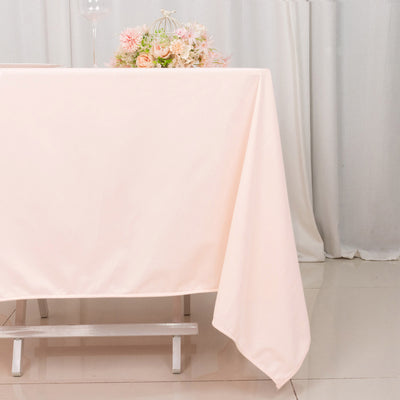 Pink tablecloth draped over a table with floral arrangement in a soft setting.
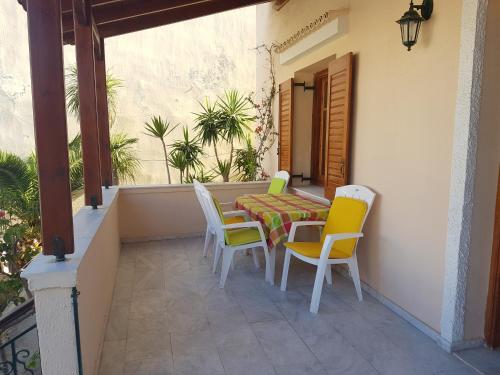 a patio with a table and chairs on a balcony at Nineta's House Sea View near the Airport in Artemida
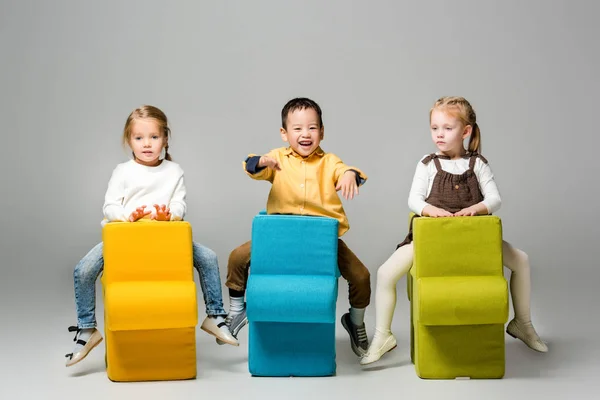 Happy multicultural kids sitting on puzzle chairs, on grey — Stock Photo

▶ Work task: Each line above should be written out again unchanged; no images are to be carried over.

▶ Expected output:
 Pink tablecloth draped over a table with floral arrangement in a soft setting.
 a patio with a table and chairs on a balcony at Nineta's House Sea View near the Airport in Artemida
 Happy multicultural kids sitting on puzzle chairs, on grey — Stock Photo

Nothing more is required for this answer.